SI and CI Engine Injection

In fuel-injected spark ignition [SI] engines, fuel is always injected into the air charge well before ignition takes place. This is necessary because the liquid or gaseous fuel must be thoroughly mixed together with air into a combustible mixture and then be ignited by the electrical arc generated by the sparkplug. If the ratio of air to fuel is not reasonably close to 15:1 in the vicinity of the sparkplug, the mixture will not ignite at all and a miss-fire results.

Compression ignition [CI] engines always inject the fuel charge directly into a combustion chamber in the engine. Fuel injection and ignition are inextricably tied together in compression ignition [CI] engines. Recall that CI engines only work because they compress the air charge so that it is hot enough to instantly ignite the fuel charge as it is being injected. The combustion of the fuel begins at the instant it begins being injected (within a couple of milliseconds) into the combustion chamber full of very hot air (more than 400 ºC).

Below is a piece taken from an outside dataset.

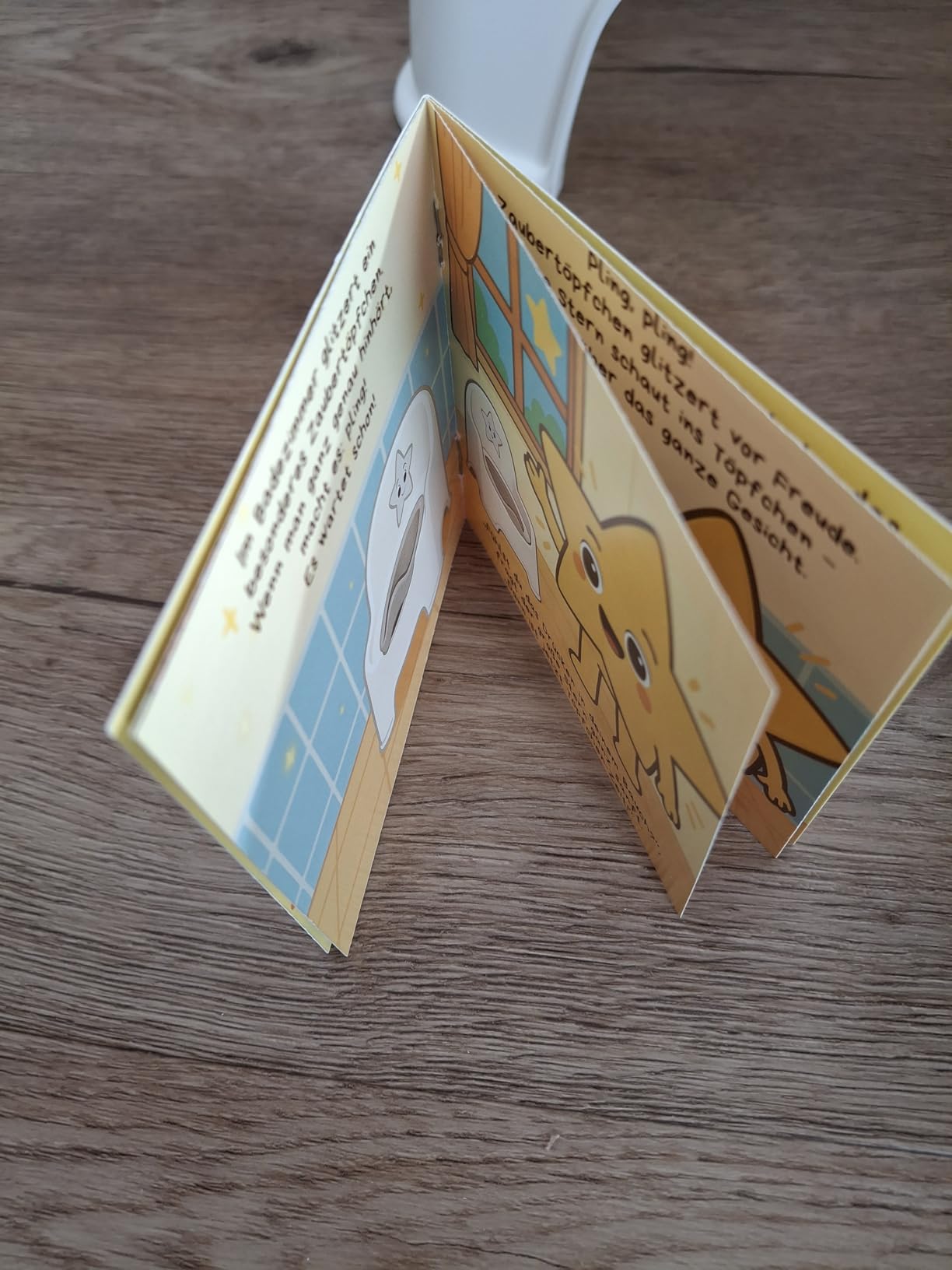 Little Star Topfstuhl mit Bilderbuch und Spritzschutz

This means the timing of ignition is intimately tied to the fuel injection process. So, the fuel injection system of a CI engine is responsible for regulating both the quantity of fuel to be injected and the timing at the very start of combustion. Many ingenious techniques have been developed to achieve both these tasks with admirable accuracy, long before the advent of sophisticated electronic controls.

As you can see, diesel and petrol/gasoline engines go about the task of releasing energy from their fuels in quite different ways. For more general information on this topic see our Why Diesels are Different article.

How Much Fuel?

There are many factors that will determine how much fuel is being injected. To help understand how much fuel is being injected, a few calculations must be observed. We will use a 1997 Land Rover as an example.

Example - 1997 Land Rover

This vehicle has a 4 cylinder 2.5 litre engine.
At 100 km/h in 5th gear it is doing very close to 2400 rpm or 40 revolutions per second
(2400 / 60 = 40).
Being a 4 cylinder, 4 stroke engine, it will be producing 2 power strokes every revolution. This equates to 80 power strokes per second. (40 revolutions x 2 power strokes).
At a steady cruising speed of 100 km/h, it's likely to be covering 10 km/litre. In other words, using 10 litres every 100 km.
Therefore, our fuel burn rate is 10 litres per hour or 10 / 3600 = 0.00278 litres per second.
This also works out to be: 2.78 mL/sec.
Now, this 2.78 mL is shared between the 80 power strokes of the engine per second.
So, for each power stroke of the engine while we are cruising at 100 km/h, the fuel injection system is delivering 2.78 / 80 which equals: 0.03472 mL into each cylinder.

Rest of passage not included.